I have a dataset about hedge fund. It contains monthly hedge fund returns and some financial metrics. I calculated metrics for every month from 2010 to 2019 December. (2889 monthly data) I want to binary classification and predict hedge funds' class basis on these metrics for next month. I want make prediction for T+1 from T time. And i want use random forest and other classifiers(Decision Tree,KNN,SVM,logistic regression). I know this dataset is time series problem, how do i convert this to machine learning problem.

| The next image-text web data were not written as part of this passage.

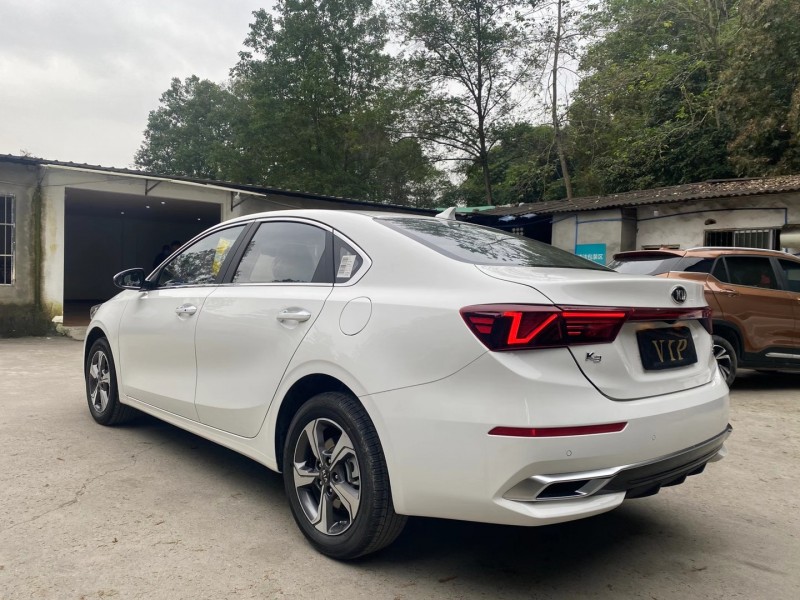 成都20年起亚K33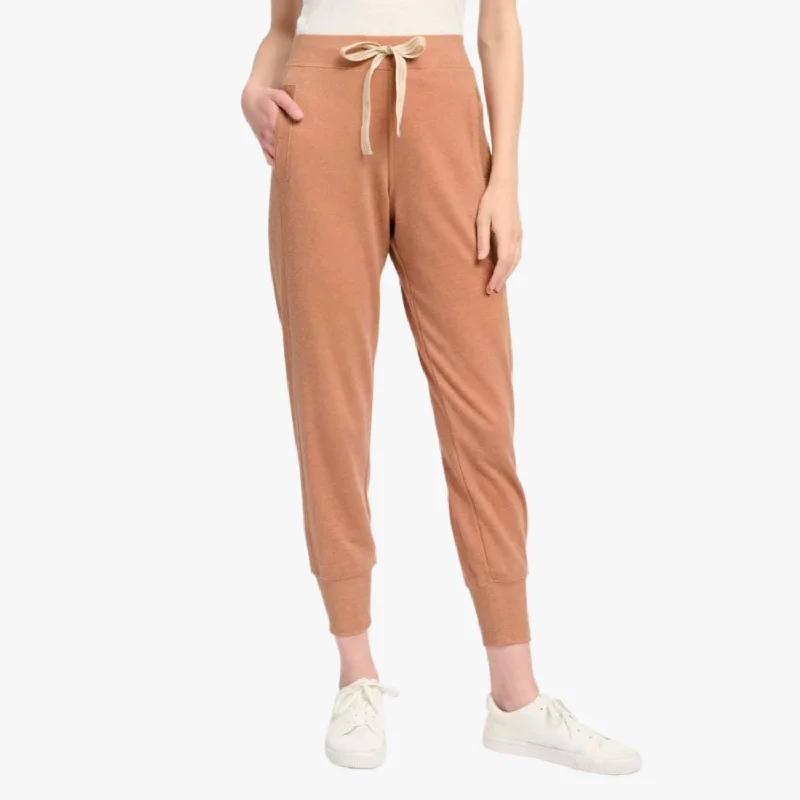 women's leather pantsArrow Jogger (Sierra)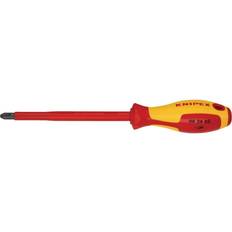 Knipex Screwdrivers Knipex 98-24-03 Insulated #3 Phillips Pan Head Screwdriver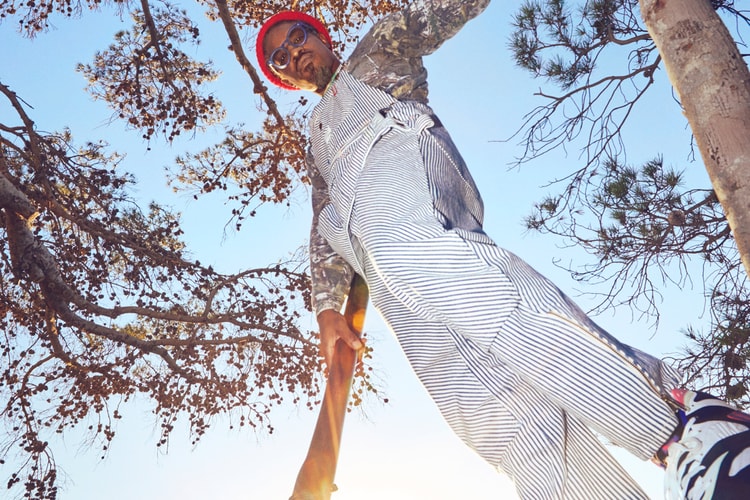 안드레 3000이 17년 만에 첫 앨범 ‘New Blue Sun’ 발표한다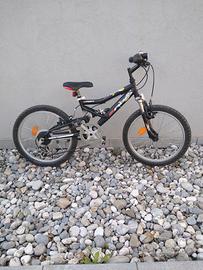 Mountain Bike Bambino/a 20''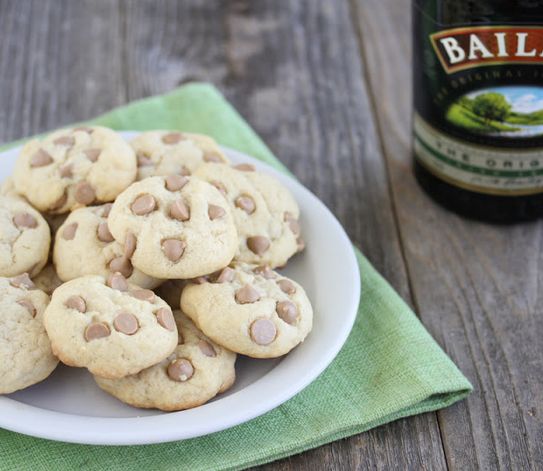 baileys irish cream cookies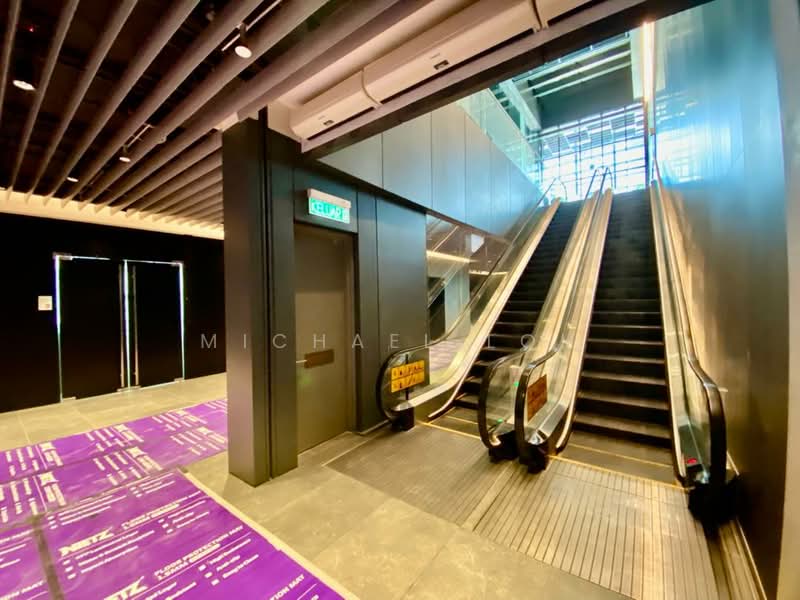 Rumah Niaga untuk Disewa di Raja Chulan (KL City Centre) - Michael Loh - Entrance - PropertyGuru.com.my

I am open to your suggestions and advisories as to what method or approach should be followed in modeling, feature engineering and editing this data set.
Additional Questions:
1)How do I make a data split when using this data for training and test ? 0,80-0,20?. Is there any other method of validation you can recommend?

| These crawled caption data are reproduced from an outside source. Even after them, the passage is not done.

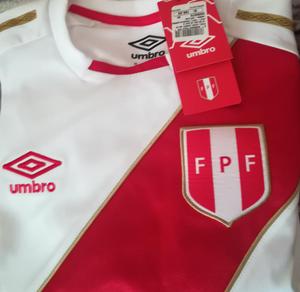 Camiseta de Peru  Umbro Original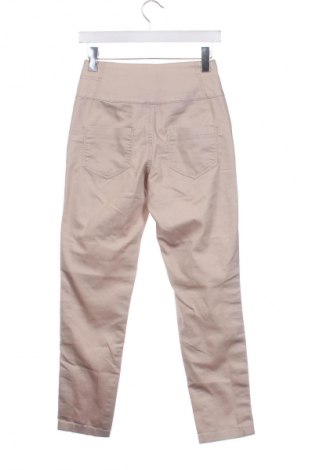 Damenhose Pieces, Größe XS, Farbe Beige, Preis € 8,49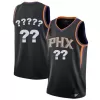 Men Adult Phoenix Suns Swingman NBA custom Jersey 2021/22 - buybasketballnow.net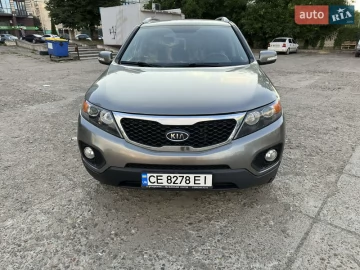 Авто KIA Sorento 2010 № 7771251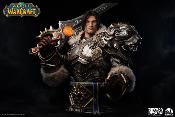 Varian Wrynn 1/1 Life-Size Bust World Of Warcraft | Infinity Studio X Blizzard Entertainment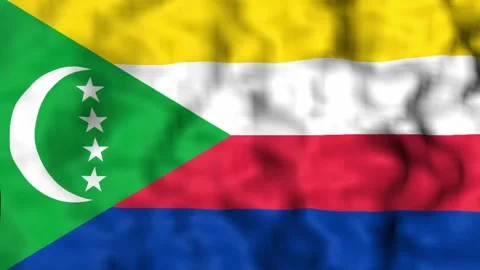 Comoros 3840x2160UHD Video stock 312314354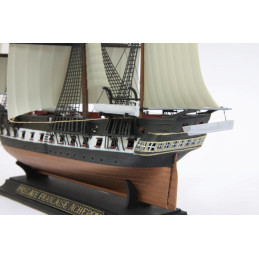 French frigate Acheron 1/200 Zvezda Zvezda Z9034 - 11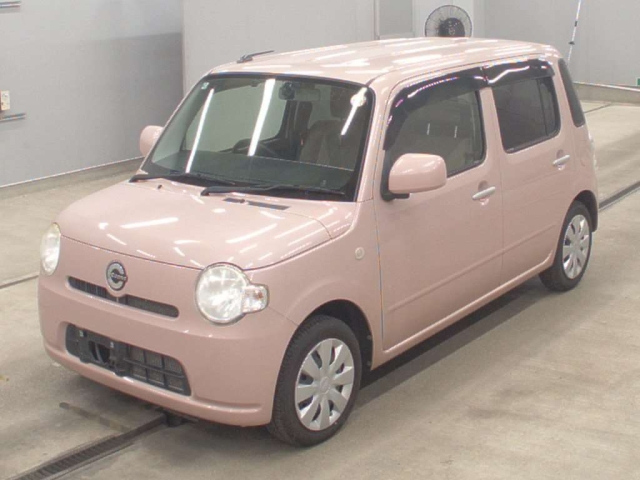 DAIHATSU MIRA — фото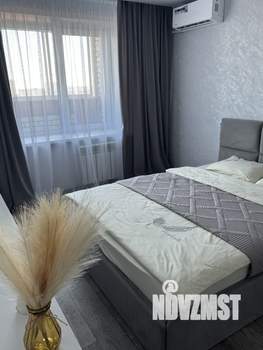 1-к квартира, посуточно, 43м2, 12/14 этаж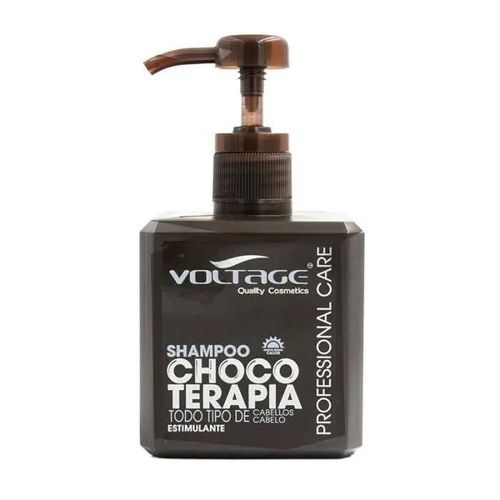 Voltage Choco Thérapie Shampooing 500 Ml 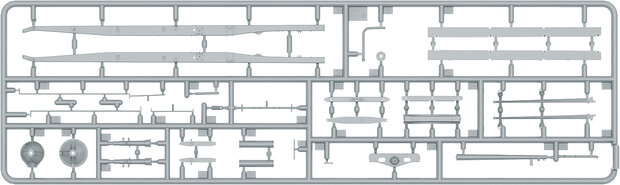 MINIART 38005 PASSENGER BUS GAZ-03-30 1/35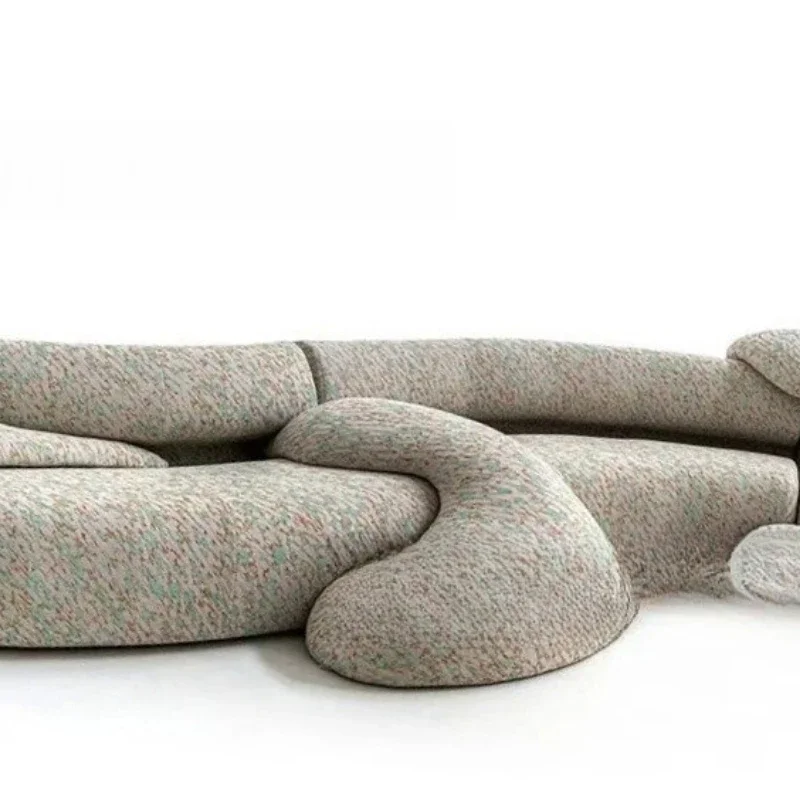 New sofa, minimalist, modern and minimalist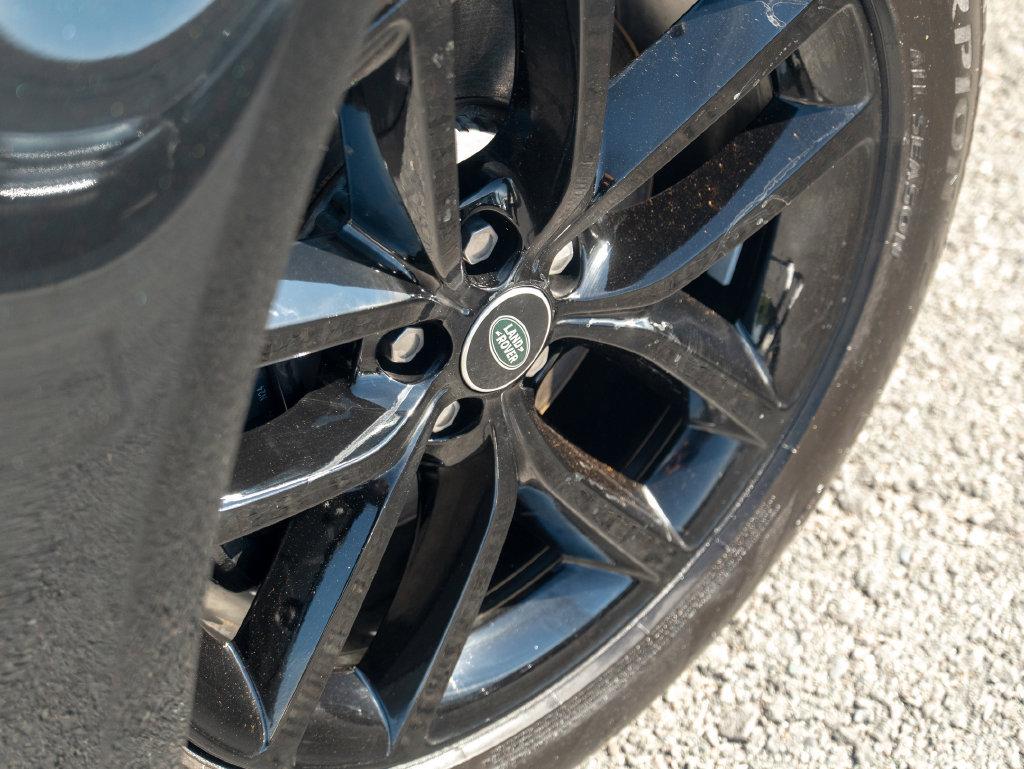 Certified 2026 Land Rover Range Rover Evoque S AWD/4WD image 9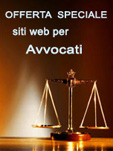 Realizzazione siti web dinamici per Avvocati e studi legali, 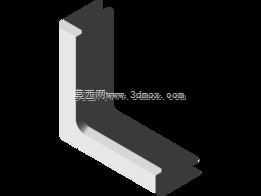 3D打印机外壳支架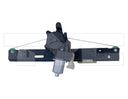 TYC 660807 Window Motor and Regulator Assembly - Rear Left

2)some funds are added to the data later, so not all funds have data of equal length, for example, the "AEB" fund established in 2015 has no data before 2015. There are a few such funds, do they cause problems, or is it better to delete them and remove them from the dataset? I have a total of 27 different fund data.

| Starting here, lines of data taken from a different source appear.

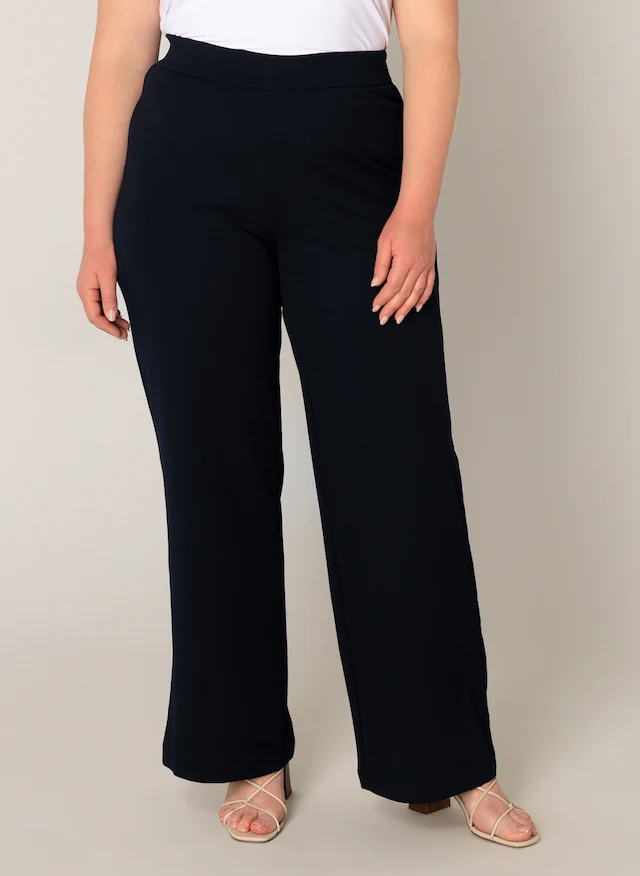 Base Level Curvy Treggings »Arah« mit elastischem Bund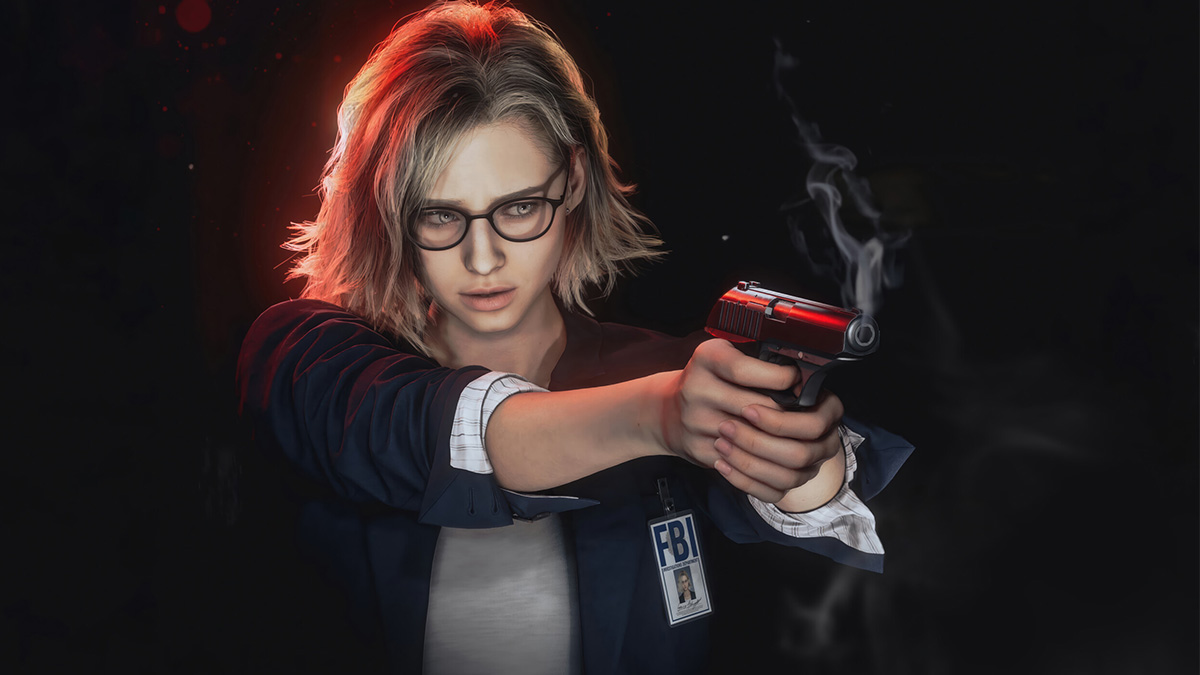 Grace Ashcroft - FBI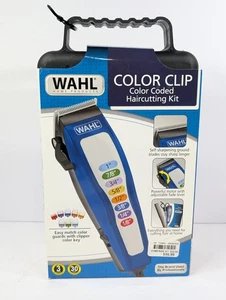 Wahl 17-teiliges Farbcode einfach zu bedienendes Haarschneideset VERSIEGELT - Bild 1 von 6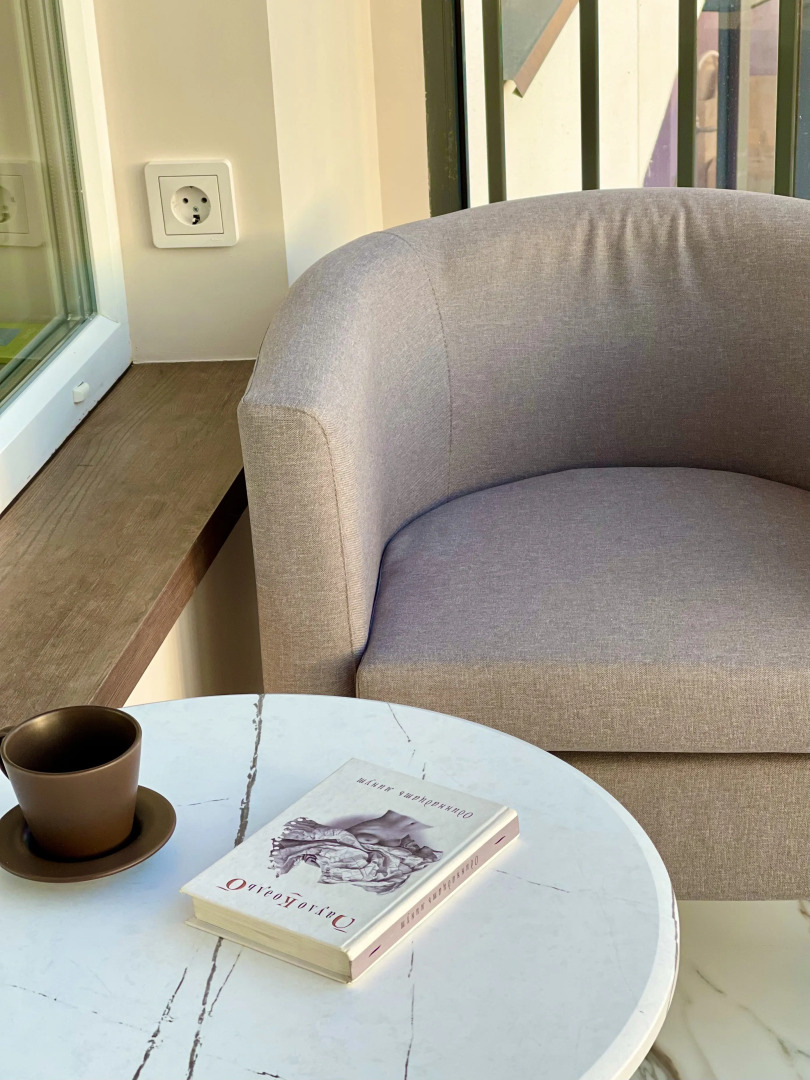 Апартаменты Apart Fresh Брусника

3)In addition, I have changed the tickers/names of the hedge funds to numeric ID, is it possible to do dummy encoding, would it be better for performance?
Sample Dataset:
Date | Fund Name / Ticker | sharpe | sortino | beta | alpha | target |
------------|--------------------|--------|---------|-------|-------|--------|--
31.03.2010 | ABC | -0,08 | 0,025 | 0,6 | 0,13 | 1 |
31.03.2010 | DEF | 0,41 | 1,2 | 1,09 | 0,045 | 0 |
31.03.2010 | SDF | 0,03 | 0,13 | 0,99 | -0,07 | 1 |
31.03.2010 | CBD | 0,71 | -0,05 | 1,21 | 0,2 | 1 |
30.04.2010 | ABC | 0,05 | -0,07 | 0,41 | 0,04 | 0 |
30.04.2010 | DEF | 0,96 | 0,2 | 1,09 | 1,5 | 0 |
30.04.2010 | SDF | -0,06 | 0,23 | 0,13 | 0,23 | 0 |
30.04.2010 | CBD | 0,75 | -0,01 | 0,97 | -0,06 | 1 |
: | : | : | : | : | : | : |
: | : | : | : | : | : | : |
30.12.2019 | ABC | 0,05 | -0,07 | 0,41 | 0,04 | 1 |
30.12.2019 | DEF | 0,96 | 0,2 | 1,09 | 1,5 | 0 |
30.12.2019 | SDF | -0,06 | 0,23 | 0,13 | 0,23 | 0 |
30.12.2019 | CBD | 0,75 | -0,01 | 0,97 | -0,06 | 1 |
30.12.2019 | FGF | 1,45 | 0,98 | -0,03 | 0,55 | 1 |
30.12.2019 | AEB | 0,25 | 1,22 | 0,17 | -0,44 | 0 |
My Idea and First Try:
I modeled one example. I used a method like this, I shifted(-1) back the target variable. So each line was shown the class in which the fund was located in the following month.I did it because of this, I want to predict the next month before that month starts. Predict to T+1 from T.But this model gave a very poor result.(%43)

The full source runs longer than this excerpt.